Emanuel and the Hanukkah Rescue.Heidi Smith Hyde. Illustrated by Jamel Akib Kar-Ben Publ. 2012 (K-3) Courage, Hanukkah Emanuel’s father is a merchant in New Bedford, Massachusetts in the eighteenth century. Afraid of the persecution that they experienced in Portugal, the Jewish families of the town do not light the Hanukkah candles. Discouraged that they are not really free, Emanuel stows away on a whaling ship so he will not be bound by fear as his family is. However, a massive storm overtakes the ship and it returns to port for repairs. The lighthouse cannot be seen through the storm. The ship is guided home by the lights of the menorahs, now lit by the families, who were inspired by Emanuel. Bold chalk pastel illustrations light up the book.
Miracle of Potato Latkes. Malka Penn Illustrated by Giora Carmi. Holiday, 1994. (K-4) Poor woman opens her home to those in need and finds her latkes multiply.
The Gift. Aliana Brodmann Simon and Schuster, 1993. (2-4) Generosity A young girl tries to figure out how to spend her Hanukkah geld, and comes to understand that the best gift is the gift she can give to others.
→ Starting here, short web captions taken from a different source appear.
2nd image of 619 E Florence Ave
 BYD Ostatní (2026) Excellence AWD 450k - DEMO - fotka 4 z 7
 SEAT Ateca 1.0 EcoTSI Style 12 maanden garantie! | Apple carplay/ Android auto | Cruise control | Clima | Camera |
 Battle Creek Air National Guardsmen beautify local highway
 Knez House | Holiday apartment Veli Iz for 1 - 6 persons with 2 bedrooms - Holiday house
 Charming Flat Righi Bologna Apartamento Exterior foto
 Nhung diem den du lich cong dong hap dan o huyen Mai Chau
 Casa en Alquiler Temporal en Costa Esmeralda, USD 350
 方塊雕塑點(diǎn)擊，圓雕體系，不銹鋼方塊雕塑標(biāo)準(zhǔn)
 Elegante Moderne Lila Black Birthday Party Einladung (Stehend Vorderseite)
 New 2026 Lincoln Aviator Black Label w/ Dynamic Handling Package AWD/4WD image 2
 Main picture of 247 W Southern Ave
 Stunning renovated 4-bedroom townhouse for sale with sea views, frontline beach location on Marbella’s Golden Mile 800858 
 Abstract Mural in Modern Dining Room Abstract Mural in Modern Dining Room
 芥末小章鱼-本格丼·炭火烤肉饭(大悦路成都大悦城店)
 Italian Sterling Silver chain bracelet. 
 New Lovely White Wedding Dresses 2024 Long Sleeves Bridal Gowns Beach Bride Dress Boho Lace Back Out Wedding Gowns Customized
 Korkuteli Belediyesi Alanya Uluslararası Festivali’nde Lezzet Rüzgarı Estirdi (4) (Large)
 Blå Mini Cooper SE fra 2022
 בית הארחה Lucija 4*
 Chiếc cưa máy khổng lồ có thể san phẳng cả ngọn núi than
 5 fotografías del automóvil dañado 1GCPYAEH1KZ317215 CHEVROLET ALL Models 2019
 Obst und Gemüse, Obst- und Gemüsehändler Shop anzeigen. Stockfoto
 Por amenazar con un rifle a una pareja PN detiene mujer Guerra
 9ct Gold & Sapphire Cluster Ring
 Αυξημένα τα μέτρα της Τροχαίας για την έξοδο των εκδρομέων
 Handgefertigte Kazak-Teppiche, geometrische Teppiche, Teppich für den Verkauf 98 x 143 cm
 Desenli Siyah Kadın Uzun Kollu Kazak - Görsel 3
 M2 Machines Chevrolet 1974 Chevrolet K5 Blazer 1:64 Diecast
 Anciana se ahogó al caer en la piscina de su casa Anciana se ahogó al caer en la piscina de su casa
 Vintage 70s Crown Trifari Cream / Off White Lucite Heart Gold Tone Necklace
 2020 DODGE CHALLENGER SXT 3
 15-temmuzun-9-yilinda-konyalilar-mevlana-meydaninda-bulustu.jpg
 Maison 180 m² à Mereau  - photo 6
Moishe’s Miracle: A Hanukkah Story. Laura Krauss Melmed. Illustrated by David Slonim. Chronicle Books, 2005 (2-4) Generosity Moishe, a generous Jewish milkman living in a small village, is forever helping his neighbors. But his resentful wife insists his charity has left her without flour or money to make traditional potato latkes for Hanukkah. Moishe is literally sent packing to board with the cows, but he is rewarded for his efforts with a magical pan that makes latkes. He is also given a warning that he alone must use it. When his wife tries to use it, the hijinks begin…. Beautifully written, stunningly illustrated.
Festival of Lights: The Story of Hanukkah.Maida Silverman. Illustrated by Carolyn Ewing. Aladdin, 1999. (2-5) Courage, Hope This reverently told, colorfully illustrated text recounts the origins of this feast (Greek ruler Antiochus taking the Jewish temple, and the Maccabees reclaiming and rededicating it), how subsequent customs relate to the original feast, and what the customs are (ranging from the Dreidle game to lighting the Menorah.)
In the Month of Kislev: A Story for Hanukkah. Nina Jaffe. Illustrated by Louise August. Viking Child Books, 1992. (2-6) Impoverished Mendel the Peddler and his children, along with a wise rabbi teach their wealthy and not-very-generous neighbor the meaning of charity. Humorous and wise.
One Yellow Daffodil: A Hanukkah Story.Adler, David. Harcourt, Brace and Jovanovich, 1995. (4-6) Hope Profoundly moving story of an elderly Jewish man, who survived the horrors of Auschwitz by clinging to the promise of one daffodil in the death camp. Later in New York, he rediscovers the meaning of hope through Hanukkah and a family who reaches out to him. Not appropriate before 4th grade.